SUPPLIED INFORMATION.
◇ ◇ ◇ ◇
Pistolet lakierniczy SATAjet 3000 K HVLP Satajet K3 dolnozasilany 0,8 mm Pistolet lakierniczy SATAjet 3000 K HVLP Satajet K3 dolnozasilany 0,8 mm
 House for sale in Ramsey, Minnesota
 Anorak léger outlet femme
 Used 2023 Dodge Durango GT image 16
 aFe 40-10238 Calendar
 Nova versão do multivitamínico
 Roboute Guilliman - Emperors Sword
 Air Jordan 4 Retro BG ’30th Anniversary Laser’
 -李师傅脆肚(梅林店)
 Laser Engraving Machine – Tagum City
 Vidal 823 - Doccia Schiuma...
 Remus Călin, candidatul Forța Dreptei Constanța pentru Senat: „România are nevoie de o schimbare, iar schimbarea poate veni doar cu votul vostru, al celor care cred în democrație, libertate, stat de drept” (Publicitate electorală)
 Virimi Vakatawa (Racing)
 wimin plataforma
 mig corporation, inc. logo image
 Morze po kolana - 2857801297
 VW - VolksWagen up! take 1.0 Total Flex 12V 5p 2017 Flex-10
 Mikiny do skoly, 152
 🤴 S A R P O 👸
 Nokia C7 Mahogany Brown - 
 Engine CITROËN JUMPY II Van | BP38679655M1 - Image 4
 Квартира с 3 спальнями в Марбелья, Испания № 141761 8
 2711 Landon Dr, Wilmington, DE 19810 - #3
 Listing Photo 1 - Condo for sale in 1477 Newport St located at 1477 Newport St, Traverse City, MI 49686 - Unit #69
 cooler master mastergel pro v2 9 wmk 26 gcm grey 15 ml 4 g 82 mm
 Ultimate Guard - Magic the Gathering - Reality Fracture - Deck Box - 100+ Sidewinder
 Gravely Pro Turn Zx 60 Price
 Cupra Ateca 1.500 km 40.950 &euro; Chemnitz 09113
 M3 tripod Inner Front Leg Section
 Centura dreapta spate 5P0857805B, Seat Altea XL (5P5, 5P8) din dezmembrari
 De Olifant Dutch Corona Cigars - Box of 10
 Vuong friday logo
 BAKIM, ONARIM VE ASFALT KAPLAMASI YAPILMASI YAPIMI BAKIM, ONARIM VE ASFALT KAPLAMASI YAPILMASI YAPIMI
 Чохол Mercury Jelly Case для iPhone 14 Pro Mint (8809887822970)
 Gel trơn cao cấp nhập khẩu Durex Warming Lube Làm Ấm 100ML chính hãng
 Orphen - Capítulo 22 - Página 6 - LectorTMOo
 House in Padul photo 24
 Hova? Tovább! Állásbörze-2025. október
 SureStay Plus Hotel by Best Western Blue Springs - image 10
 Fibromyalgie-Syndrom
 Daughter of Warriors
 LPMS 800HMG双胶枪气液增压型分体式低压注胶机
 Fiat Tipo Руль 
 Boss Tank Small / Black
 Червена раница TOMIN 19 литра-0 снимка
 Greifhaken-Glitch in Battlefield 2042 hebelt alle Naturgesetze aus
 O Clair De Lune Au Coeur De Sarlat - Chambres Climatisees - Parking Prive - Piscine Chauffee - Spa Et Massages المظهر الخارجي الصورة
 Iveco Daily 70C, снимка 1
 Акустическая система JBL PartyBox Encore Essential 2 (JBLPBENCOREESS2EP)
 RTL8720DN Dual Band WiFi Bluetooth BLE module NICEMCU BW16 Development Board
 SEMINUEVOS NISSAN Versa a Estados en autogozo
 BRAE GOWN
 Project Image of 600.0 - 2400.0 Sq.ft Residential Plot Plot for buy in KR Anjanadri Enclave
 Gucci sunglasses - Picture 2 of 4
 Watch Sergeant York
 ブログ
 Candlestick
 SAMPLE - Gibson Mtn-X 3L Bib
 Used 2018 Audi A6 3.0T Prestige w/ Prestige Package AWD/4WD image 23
◇ ◇ ◇ ◇
WHAT NEEDS TO BE DONE. All that is needed is a number: how many lines in the data above contain the string "House".

TASK ANSWER. 2